### Task statement
Leaving the pictures aside, transcribe the data below exactly.

Caption-style text data
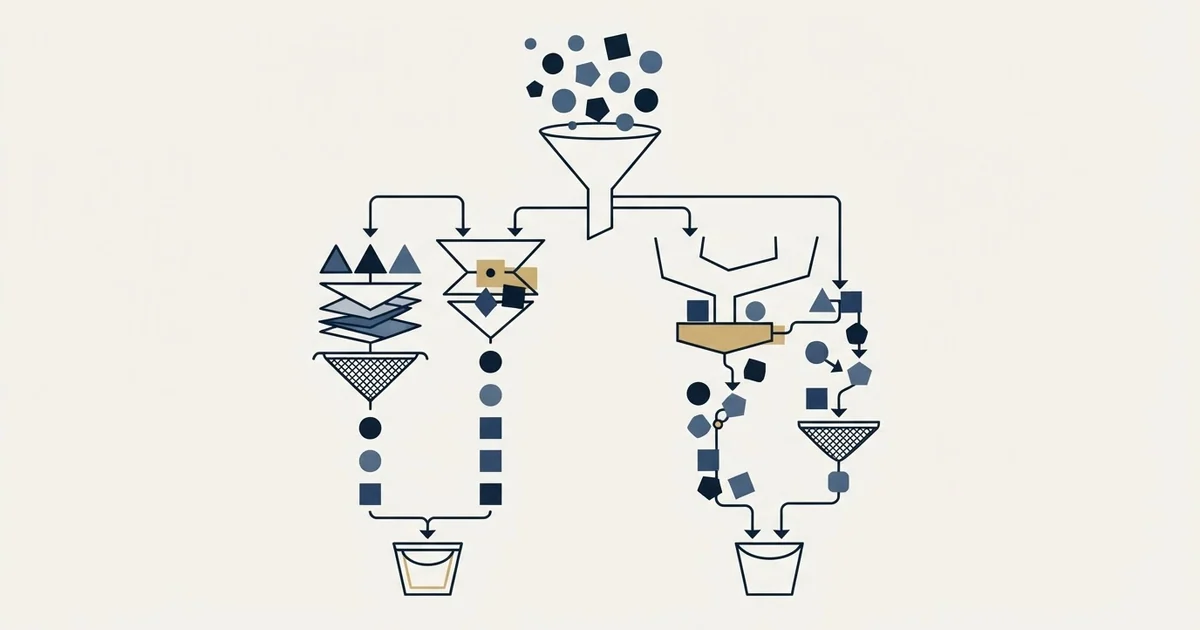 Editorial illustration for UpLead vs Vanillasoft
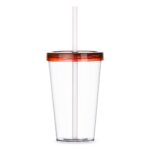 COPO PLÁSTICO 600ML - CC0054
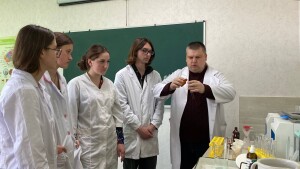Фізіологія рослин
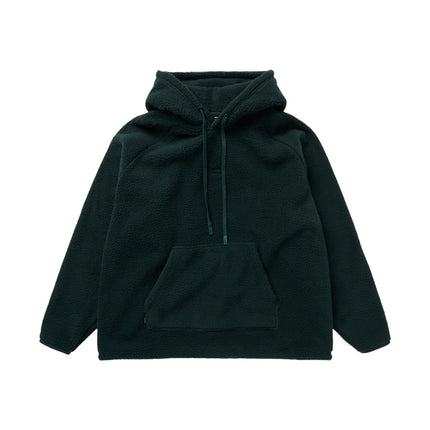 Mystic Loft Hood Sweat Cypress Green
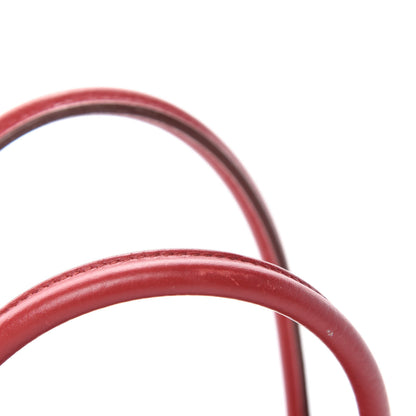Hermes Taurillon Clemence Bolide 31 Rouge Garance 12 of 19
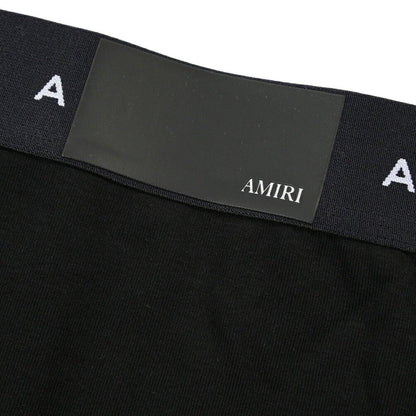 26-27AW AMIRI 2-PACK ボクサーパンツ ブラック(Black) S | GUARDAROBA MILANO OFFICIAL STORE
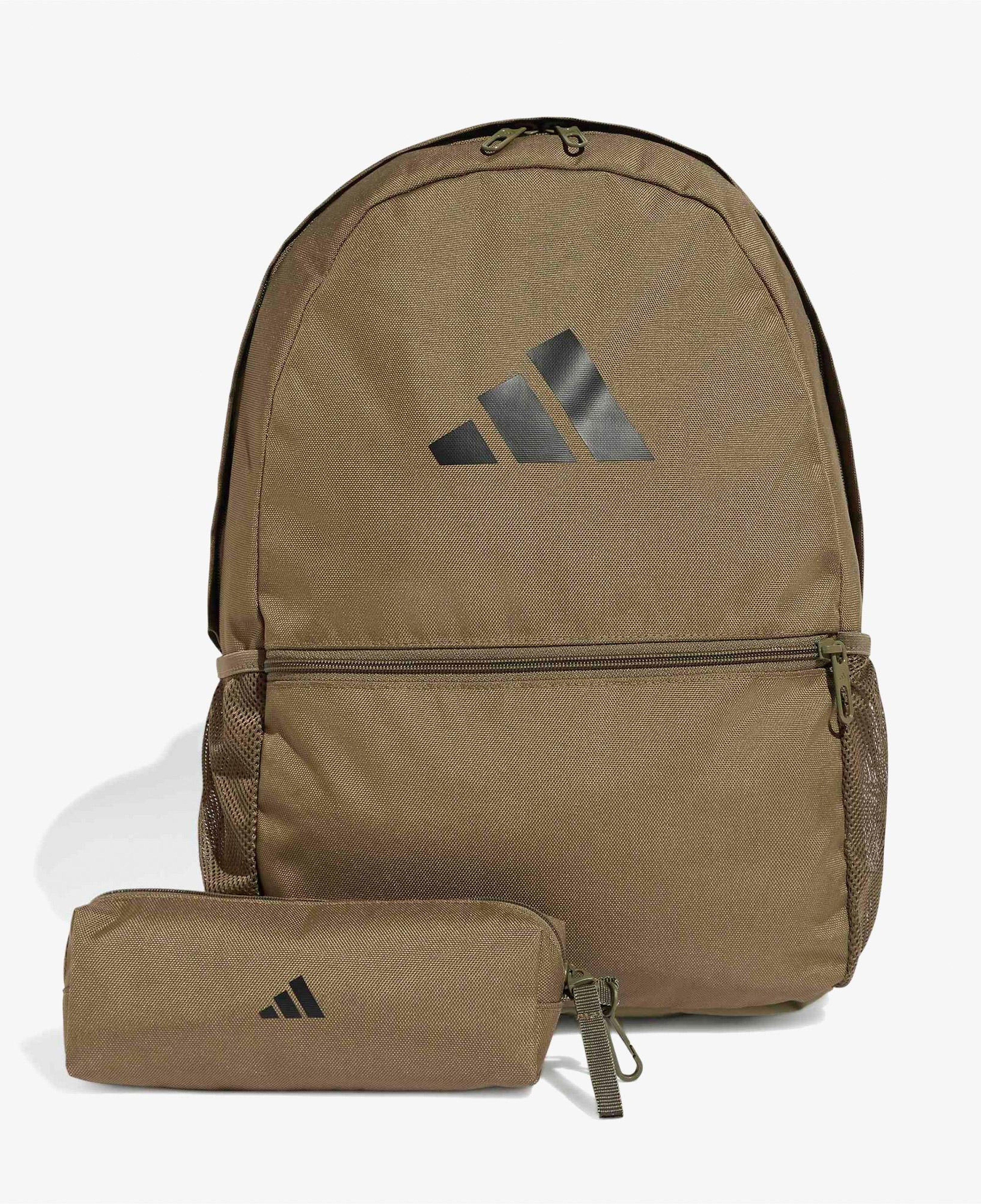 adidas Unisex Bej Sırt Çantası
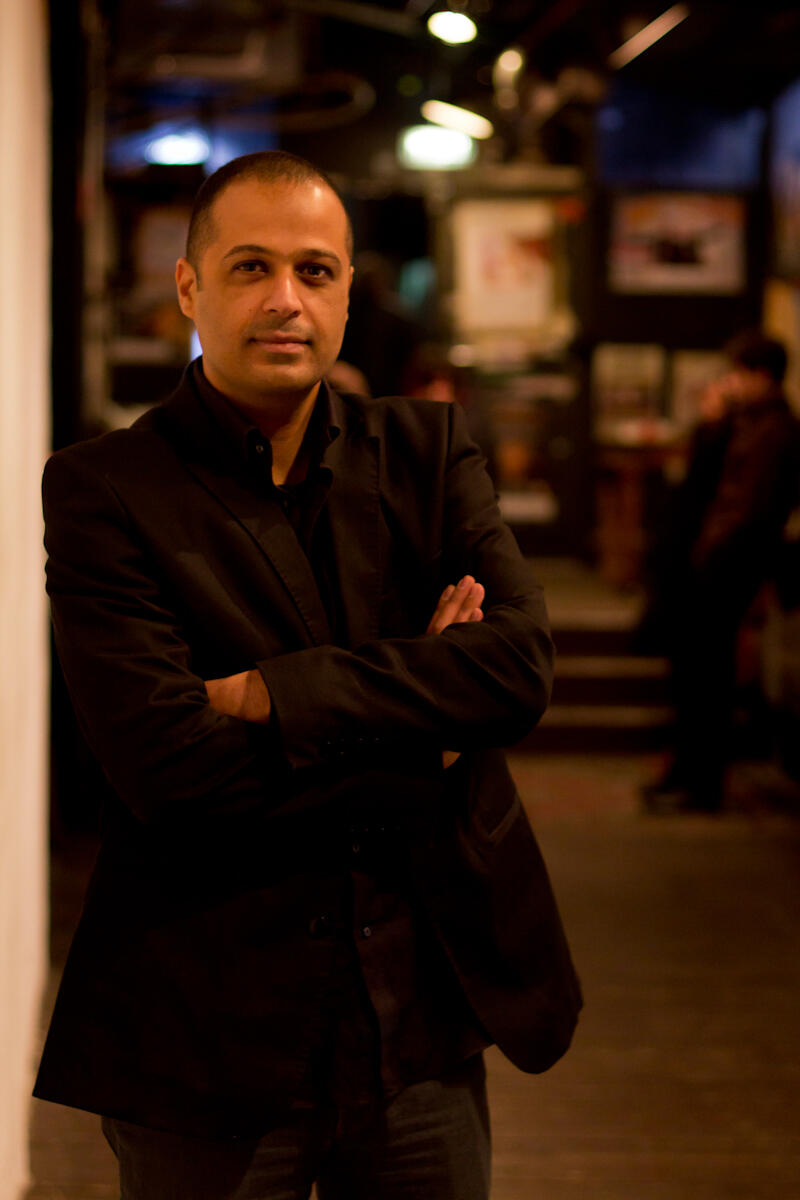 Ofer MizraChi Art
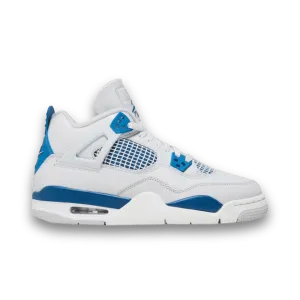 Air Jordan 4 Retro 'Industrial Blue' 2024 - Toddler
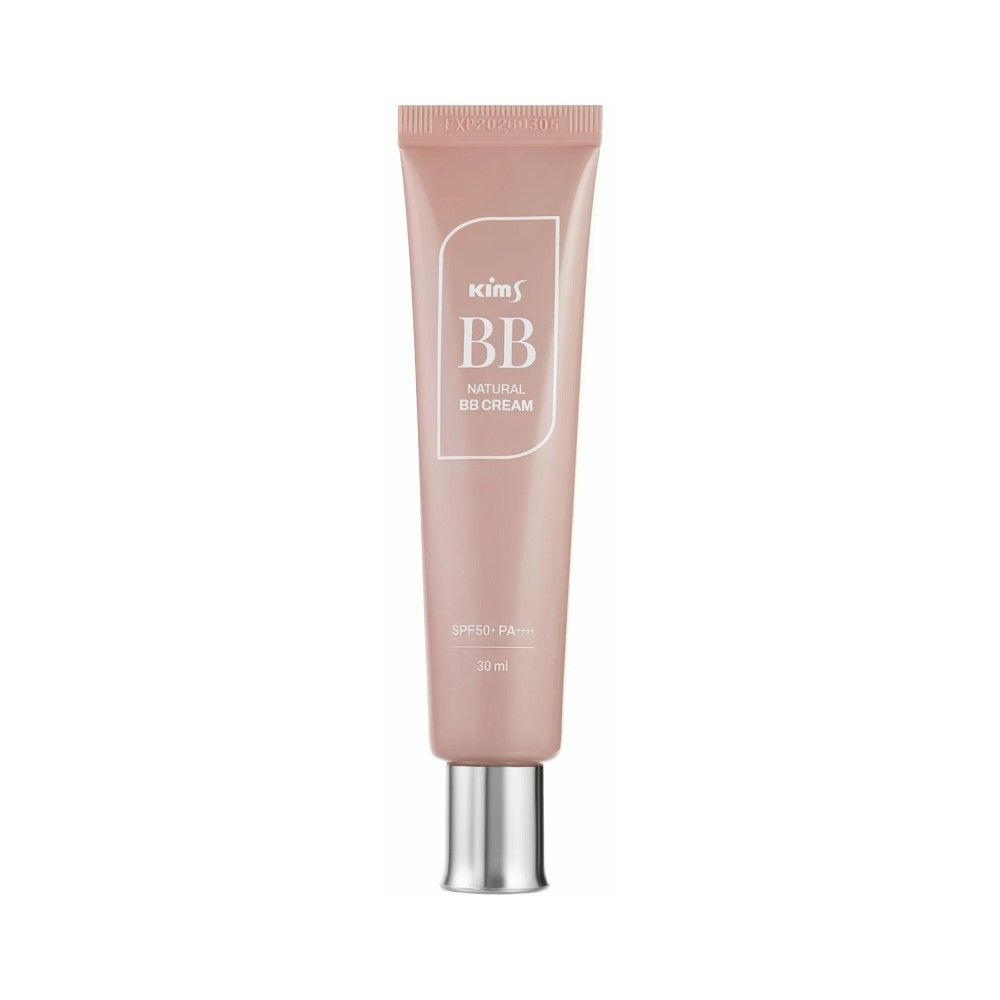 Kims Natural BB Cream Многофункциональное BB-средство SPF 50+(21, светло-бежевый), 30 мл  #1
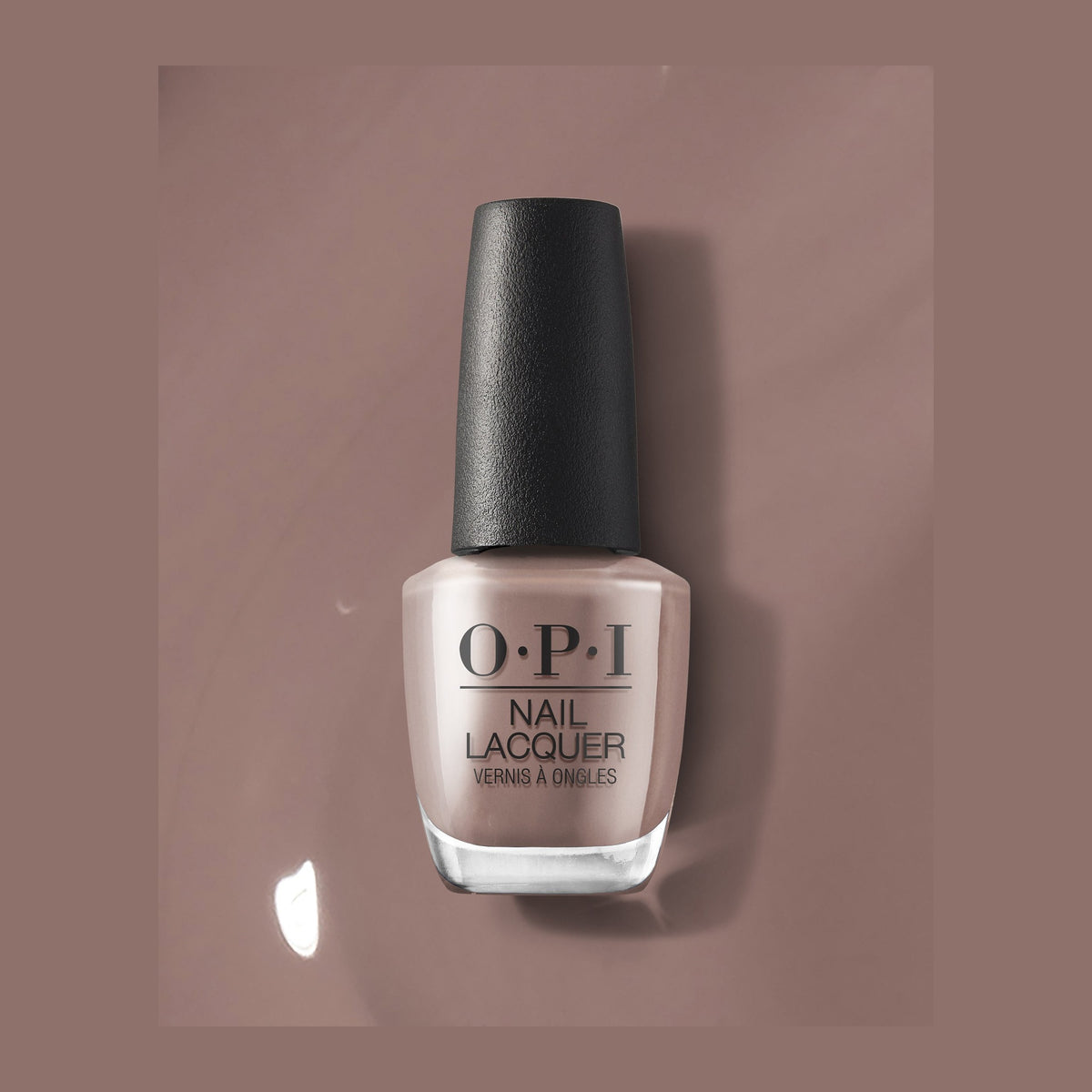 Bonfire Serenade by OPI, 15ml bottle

### Output below
 Editorial illustration for UpLead vs Vanillasoft
 COPO PLÁSTICO 600ML - CC0054
Фізіологія рослин
 Mystic Loft Hood Sweat Cypress Green
Hermes Taurillon Clemence Bolide 31 Rouge Garance 12 of 19
 26-27AW AMIRI 2-PACK ボクサーパンツ ブラック(Black) S | GUARDAROBA MILANO OFFICIAL STORE
 adidas Unisex Bej Sırt Çantası
 Ofer MizraChi Art
 Air Jordan 4 Retro 'Industrial Blue' 2024 - Toddler
 Kims Natural BB Cream Многофункциональное BB-средство SPF 50+(21, светло-бежевый), 30 мл  #1
 Bonfire Serenade by OPI, 15ml bottle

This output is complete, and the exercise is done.